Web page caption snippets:
=-=-=

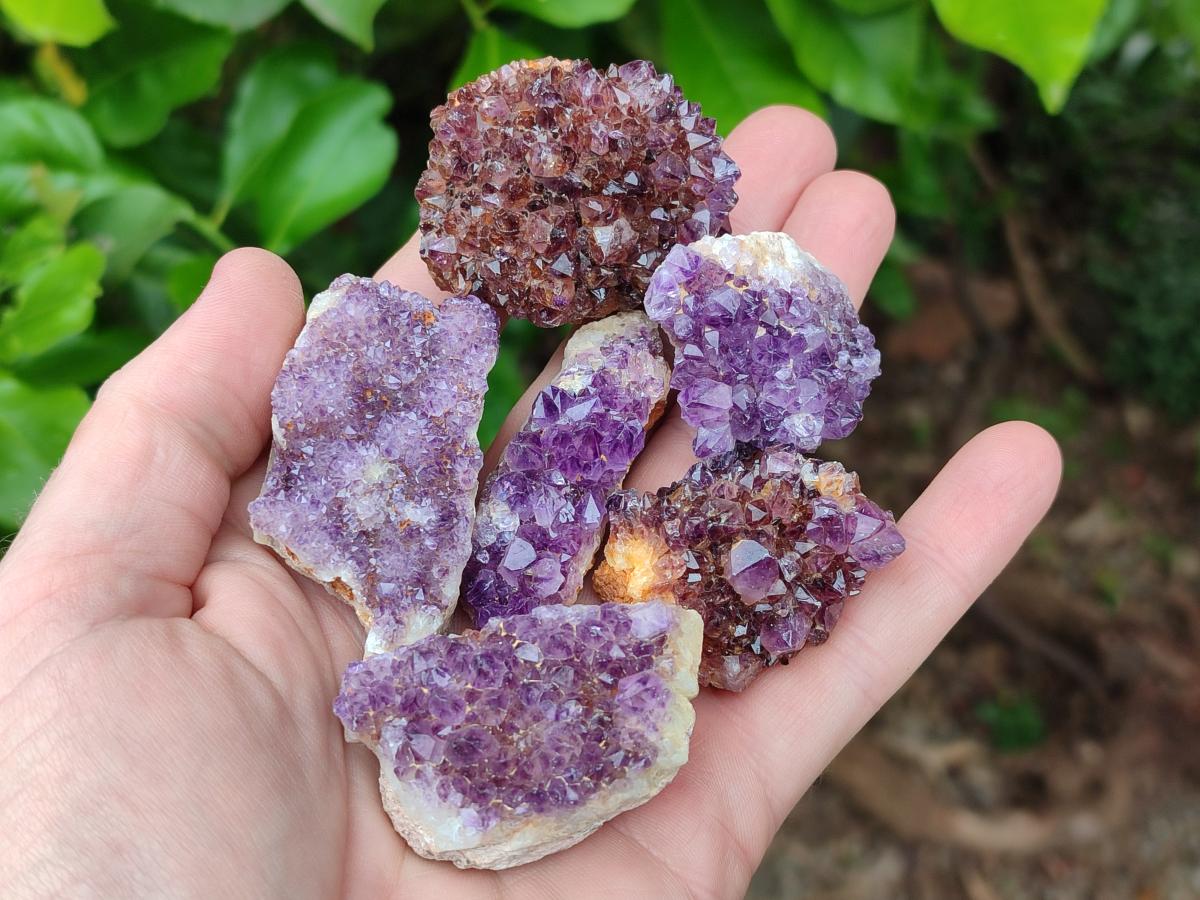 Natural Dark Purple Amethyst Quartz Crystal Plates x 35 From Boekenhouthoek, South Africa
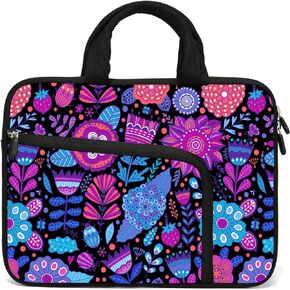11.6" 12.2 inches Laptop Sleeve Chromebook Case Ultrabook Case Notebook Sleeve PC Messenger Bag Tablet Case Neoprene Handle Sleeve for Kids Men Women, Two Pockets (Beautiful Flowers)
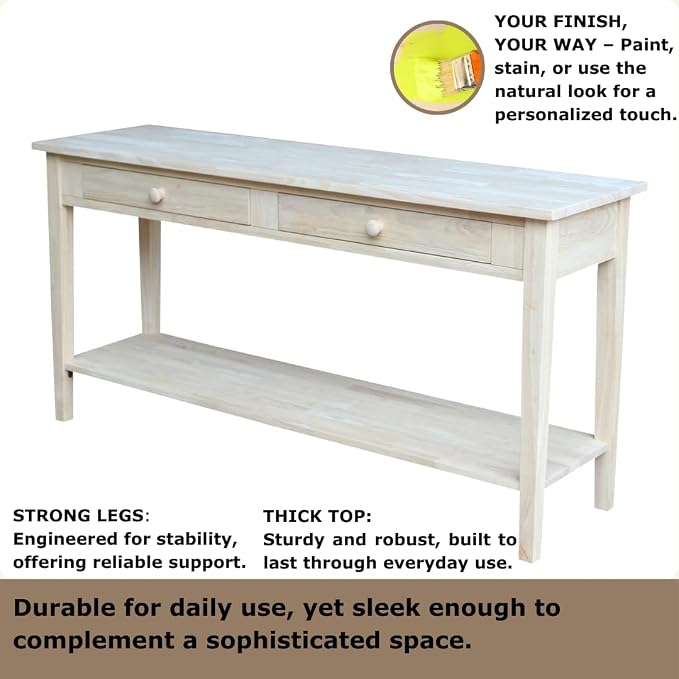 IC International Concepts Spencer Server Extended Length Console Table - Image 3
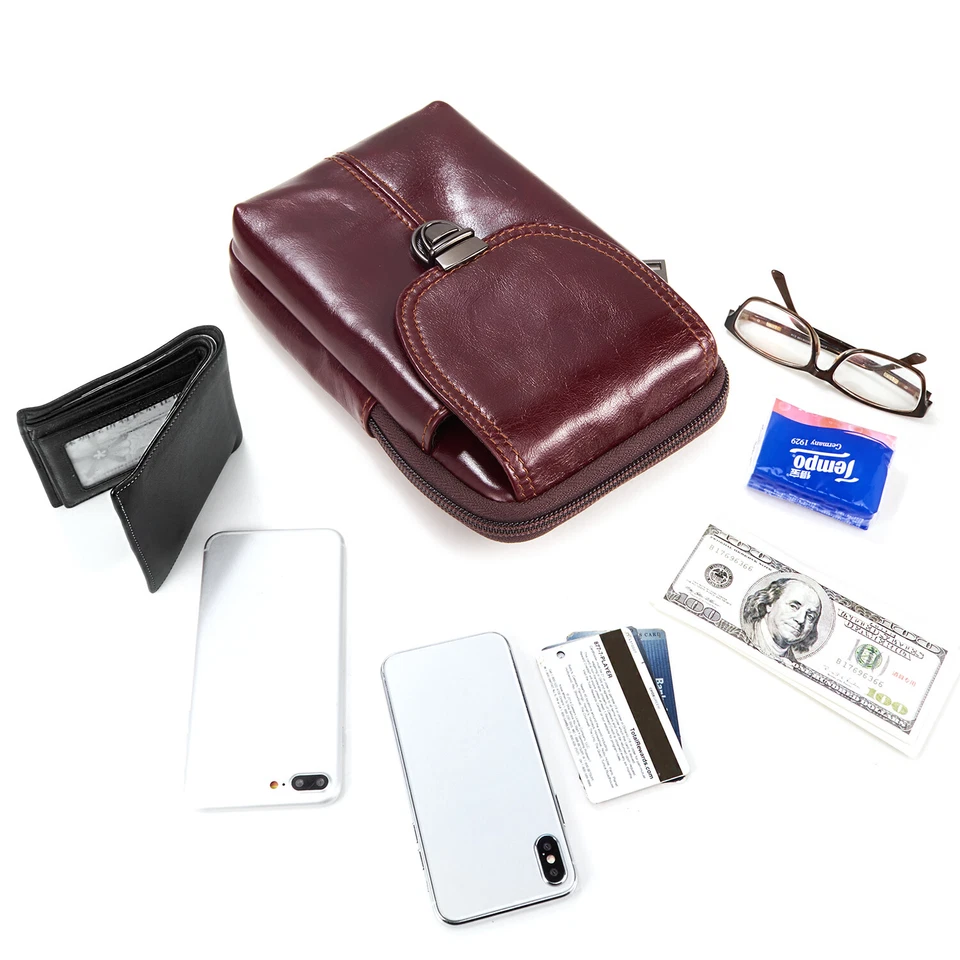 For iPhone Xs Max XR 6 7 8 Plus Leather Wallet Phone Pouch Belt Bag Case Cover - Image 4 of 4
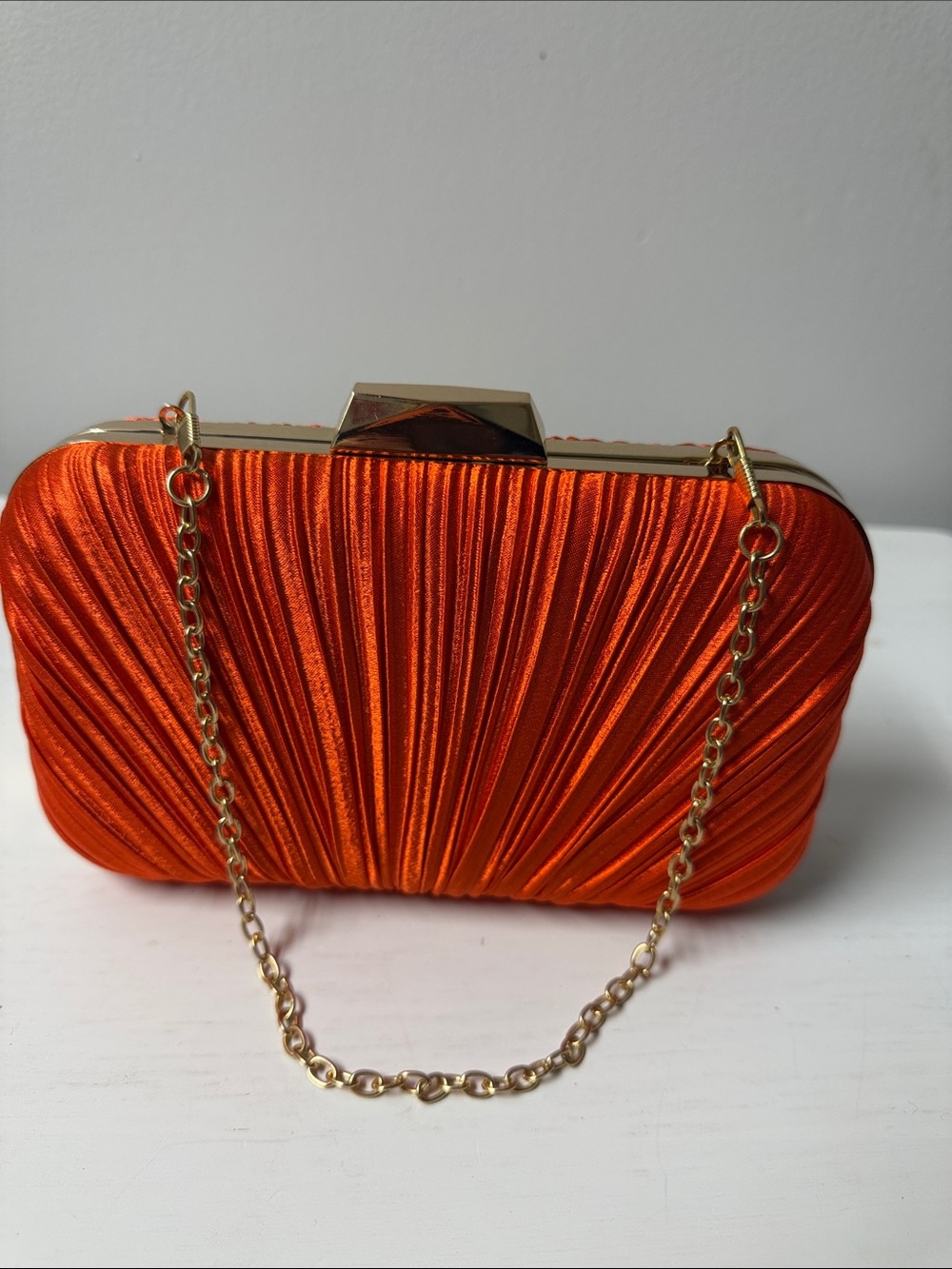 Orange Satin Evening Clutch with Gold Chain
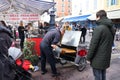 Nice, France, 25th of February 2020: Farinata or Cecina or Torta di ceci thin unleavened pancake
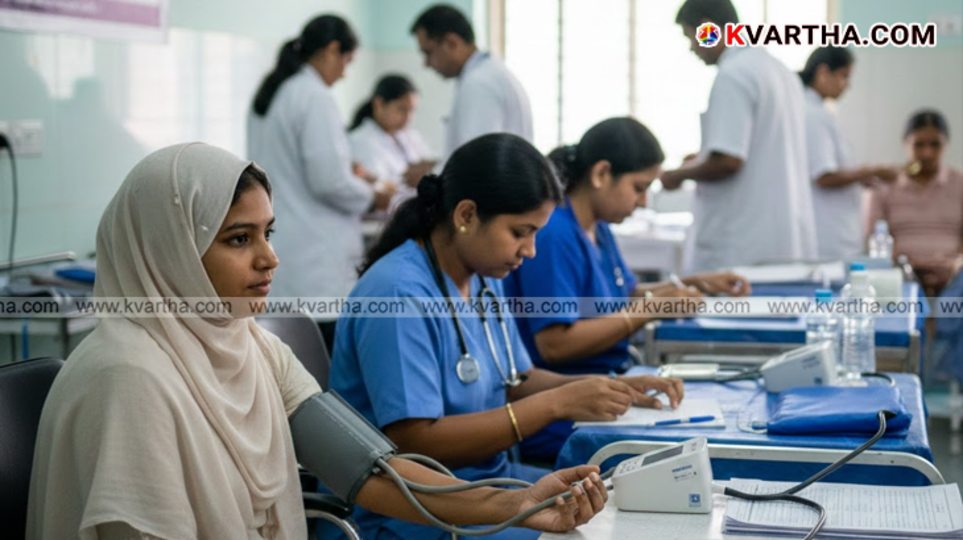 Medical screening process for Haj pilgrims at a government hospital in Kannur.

=-=-=

TASK BRIEF: Write out exactly the lines above between the one with "IC International Concepts" and the one with "Orange Satin Evening Clutch with Gold Chain", inclusive, with pictures left out.

ANSWER SECTION:
 IC International Concepts Spencer Server Extended Length Console Table - Image 3
 For iPhone Xs Max XR 6 7 8 Plus Leather Wallet Phone Pouch Belt Bag Case Cover - Image 4 of 4
 Orange Satin Evening Clutch with Gold Chain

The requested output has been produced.